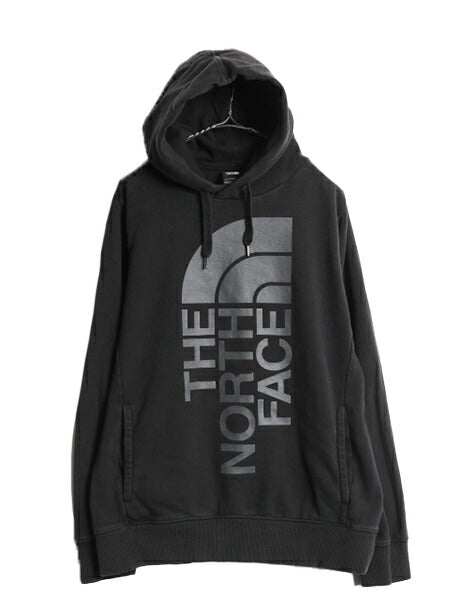 ノースフェイス プリント スウェット フード パーカー メンズ М 黒 The North Face アウトドア プルオーバー 裏起毛 トレーナー ブラック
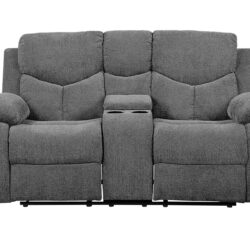 Kalen - Chenille Loveseat With Console - Gray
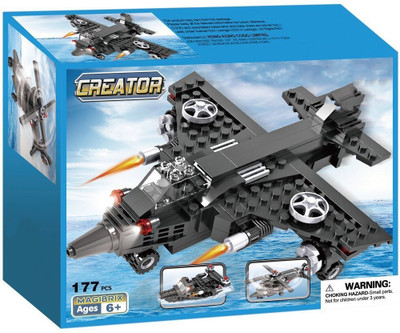Webby 3 in 1 Airplane Helicopter Army Boat, 177 Pieces Black Webby Blocks Building Sets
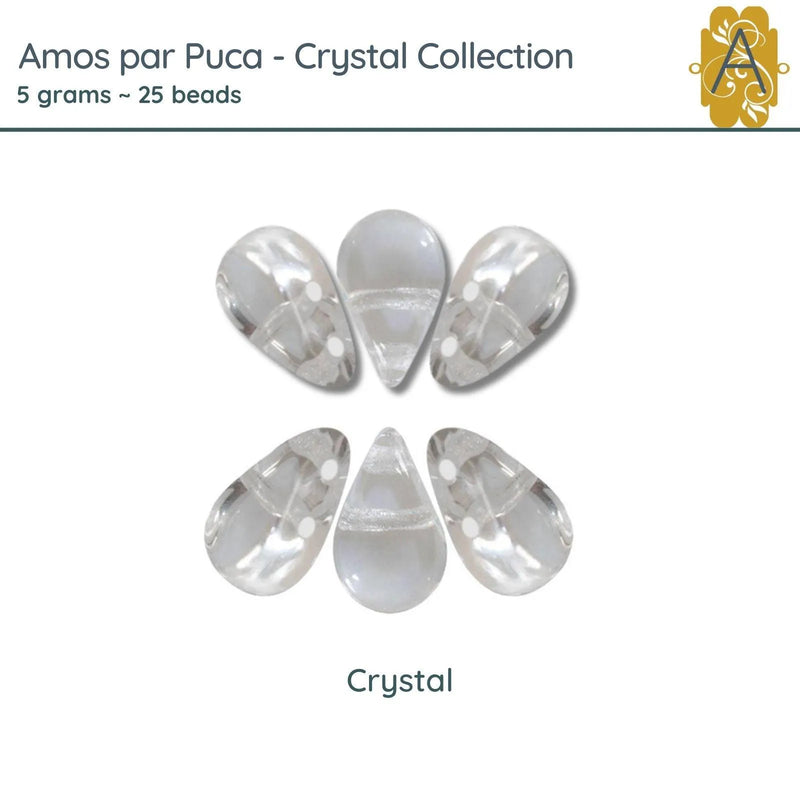 Amos par Puca Beads, 5grams in a Crystal Color - The Argus Collection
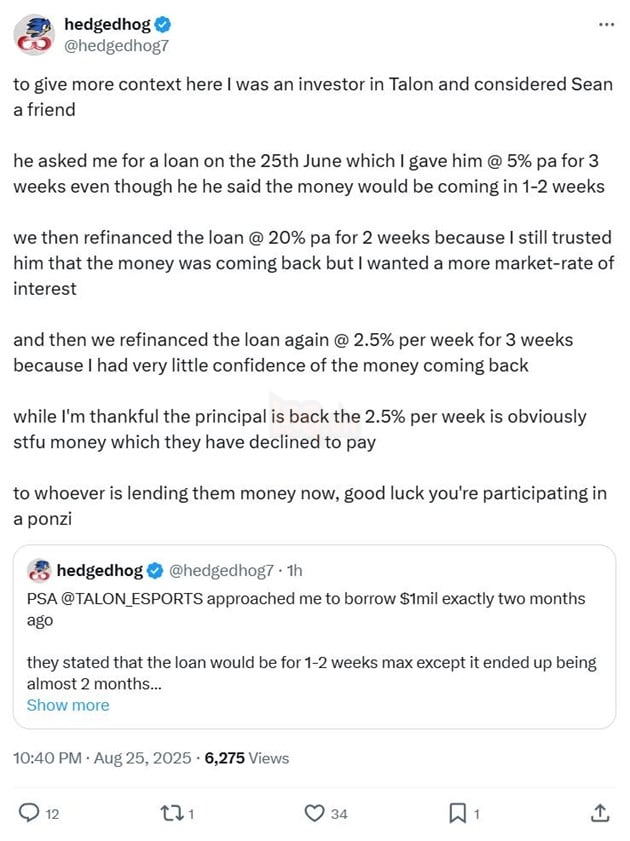 LMHT: CEO Của Talon Esports Bất Ngờ Bị Một Nhà Đầu Tư Tố Cáo Quịt Nợ 3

------------------------------

### Exercise details
With the pictures excluded, transcribe word for word only the lines from the one containing "Kalen - Chenille" through the last line of the records.

### Response to this task
 Kalen - Chenille Loveseat With Console - Gray
Webby 3 in 1 Airplane Helicopter Army Boat, 177 Pieces Black Webby Blocks Building Sets
 Amos par Puca Beads, 5grams in a Crystal Color - The Argus Collection
 LMHT: CEO Của Talon Esports Bất Ngờ Bị Một Nhà Đầu Tư Tố Cáo Quịt Nợ 3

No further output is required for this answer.